I also wanted to be an example for my 31 year old daughter who has never participated in a march of any kind for any reason. Yet I waited to last week to make my reservation on one of the busses going from Buffalo. And as late as Saturday afternoon, I again nudged my daughter to go with me. At the last minute she decided to join me and both of us are so glad we went.
I had to be there because no matter what other issues I care about--peace, justice, equality, feminism, education, children, gay rights, immigration, our water and food sources, health, animals, the land we share on this planet--everyone one of them demands that we face and deal with climate change. And so we must. We must be a witness and we must demand change--as stewards of the earth--for our future and the future of generations to come. All of the other issues should not be ignored and must be addressed, but if we do not address head on the climate issues we are facing, none of the others will be an issue.
I also recognize that I have not been a particularly good steward of the earth--I admit am too lazy most of the time to consider how I contribute to global warming. I act irresponsibly. I cannot promise to change everything I do, but I hope to do better, a little at a time. And hold those who can make decisions to make it easier for all of us to do better by changing how business and government do business accountable. If we create an environment that promotes better collective and individual actions--we all will act more responsibly. But until that happens on a greater scale, I have a responsibility to do better. I must take responsibility and do something whenever I can.
And so I got myself on the bus--and with my daughter, and some old friends and new, we made the trip. The buses were filled with a variety of folks young and old--a coming together of three generations. And we all felt that energy that is created when there is a joining together for a shared purpose.

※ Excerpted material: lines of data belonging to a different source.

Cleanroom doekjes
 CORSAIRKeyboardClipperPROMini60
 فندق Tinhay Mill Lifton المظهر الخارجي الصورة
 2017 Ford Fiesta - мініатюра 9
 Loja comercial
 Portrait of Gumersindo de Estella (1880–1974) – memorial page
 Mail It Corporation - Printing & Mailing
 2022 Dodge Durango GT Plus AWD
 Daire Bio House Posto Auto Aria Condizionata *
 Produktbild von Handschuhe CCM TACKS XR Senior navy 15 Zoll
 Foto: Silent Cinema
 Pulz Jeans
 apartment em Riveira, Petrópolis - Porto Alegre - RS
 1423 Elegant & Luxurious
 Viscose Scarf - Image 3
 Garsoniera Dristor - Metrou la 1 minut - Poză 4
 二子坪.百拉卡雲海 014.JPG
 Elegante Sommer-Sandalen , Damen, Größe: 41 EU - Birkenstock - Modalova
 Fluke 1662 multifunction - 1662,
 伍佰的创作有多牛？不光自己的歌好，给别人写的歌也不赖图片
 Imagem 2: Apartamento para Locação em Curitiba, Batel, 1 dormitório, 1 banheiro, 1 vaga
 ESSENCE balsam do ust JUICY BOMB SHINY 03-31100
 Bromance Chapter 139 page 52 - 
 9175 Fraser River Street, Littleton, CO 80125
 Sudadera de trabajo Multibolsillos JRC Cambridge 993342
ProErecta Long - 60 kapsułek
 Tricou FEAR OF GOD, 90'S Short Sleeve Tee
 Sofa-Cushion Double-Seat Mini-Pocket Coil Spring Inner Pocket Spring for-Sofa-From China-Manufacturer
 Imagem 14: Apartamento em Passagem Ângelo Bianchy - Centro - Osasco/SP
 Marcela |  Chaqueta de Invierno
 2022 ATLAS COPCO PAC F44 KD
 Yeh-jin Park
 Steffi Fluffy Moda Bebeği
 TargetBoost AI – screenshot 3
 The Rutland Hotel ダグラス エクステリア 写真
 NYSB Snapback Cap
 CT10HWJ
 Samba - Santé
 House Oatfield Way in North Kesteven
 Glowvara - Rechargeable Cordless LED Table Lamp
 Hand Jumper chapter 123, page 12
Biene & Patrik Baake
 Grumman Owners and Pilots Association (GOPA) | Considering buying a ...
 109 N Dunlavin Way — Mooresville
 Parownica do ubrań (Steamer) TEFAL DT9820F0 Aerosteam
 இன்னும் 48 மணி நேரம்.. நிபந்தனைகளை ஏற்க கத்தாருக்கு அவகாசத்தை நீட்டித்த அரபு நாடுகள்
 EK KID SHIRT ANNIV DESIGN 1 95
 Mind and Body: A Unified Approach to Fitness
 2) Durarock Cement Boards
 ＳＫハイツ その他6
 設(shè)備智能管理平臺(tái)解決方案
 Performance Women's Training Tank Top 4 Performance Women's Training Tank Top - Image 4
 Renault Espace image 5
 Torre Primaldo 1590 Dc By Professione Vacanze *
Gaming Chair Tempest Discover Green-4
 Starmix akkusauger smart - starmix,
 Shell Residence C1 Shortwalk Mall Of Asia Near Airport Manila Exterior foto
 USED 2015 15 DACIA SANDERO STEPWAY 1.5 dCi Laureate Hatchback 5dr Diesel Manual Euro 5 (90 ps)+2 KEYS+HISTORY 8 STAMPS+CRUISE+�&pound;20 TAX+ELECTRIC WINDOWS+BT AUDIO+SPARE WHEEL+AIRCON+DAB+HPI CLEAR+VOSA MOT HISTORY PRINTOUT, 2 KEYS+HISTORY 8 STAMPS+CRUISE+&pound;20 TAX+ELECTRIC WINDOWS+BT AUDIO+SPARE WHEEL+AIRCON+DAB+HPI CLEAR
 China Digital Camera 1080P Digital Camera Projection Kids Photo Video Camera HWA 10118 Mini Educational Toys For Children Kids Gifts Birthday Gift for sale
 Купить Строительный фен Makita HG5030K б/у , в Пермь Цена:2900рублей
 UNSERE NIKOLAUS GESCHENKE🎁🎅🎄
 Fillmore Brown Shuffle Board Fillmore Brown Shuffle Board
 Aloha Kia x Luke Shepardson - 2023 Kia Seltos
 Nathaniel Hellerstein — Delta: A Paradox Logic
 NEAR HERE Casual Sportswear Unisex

And we made a difference. A sea of humanity that stretched at least three miles across NYC coming from near and far, with diverse backgrounds and levels of activism who don't agree on everything, but with a shared goal. To share that space and that moment with others who made the effort and who cared enough to show up. To share that space and moment with many more who couldn't be there physically, but who supported what we were doing and who were with us in spirit. We made our (and their) voices known--peacefully, but forcefully. Everyone treated everyone around them courteously, with respect. And we left the streets clean. Not one negative incident reported. That in itself was an example of how the world can be a better place. We lived it for a day--and hopefully the world is going to go in a better direction because we came out on the streets and made our voices heard.
From beginning to end it was an inspiring day--the Moment of Silence and collective "sounding of the alarm" that came after those two minutes-they were the most moving. For me the silence was a prayer of mourning for those who have and continue to bear the brunt of what climate change has wrought - and of hope for all of us and this planet. I brought with me and wore a dolphin whistle I had picked up on Cape Cod this past August--it seemed the most appropriate way to sound the alarm--not just for myself, but also on behalf of all the creatures who could not speak for themselves at the March. And so I blew the whistle at the appropriate time--for us and the dolphins and all the other animals threatened by climate change
Back on the bus home I thought my legs would be sore (after all I am not in the greatest shape at the ripe old age of 58), but they were not. I was very tired but also exhilarated, and grateful to have been able to participate--and that I had made the choice to do so. It was a gift to be there and a reminder of what must be achieved.
I am grateful to everyone who promoted the March and participated in it and who are writing about it now. I am particularly grateful to the organizers of the NYC March--and those who organized marches around the world. And to the dedicated folks from Buffalo who made our participation easier --four buses altogether, PUSH Buffalo had a busload and the Sierra Club had three (one of which I was on). Also, so very glad my daughter came along--she is too. She was very moved. And we lived through a moment together that will always be with us, that will always inspire us to keep up the struggle, each on our own way. An important legacy.
I do not consider myself an activist--but at a minimum, I have always been a supporter and sometime participant. During the upcoming Days of Awe that start with Rosh Hashanah and end with Yom Kippur, when Jews everywhere contemplate how they can do better--I will recommit to making more of an effort to Tikkun Olam-repairing the world--to do more, both personally and collectively when it comes to Climate Change. If we desire a future--we have no choice--I have no choice. Although I know I (we) take this amazing world of ours for granted--we just can't get away with that anymore. It's been going on for too long already.
Thank you for the space to share my journey and experience. And thank you for sharing yours.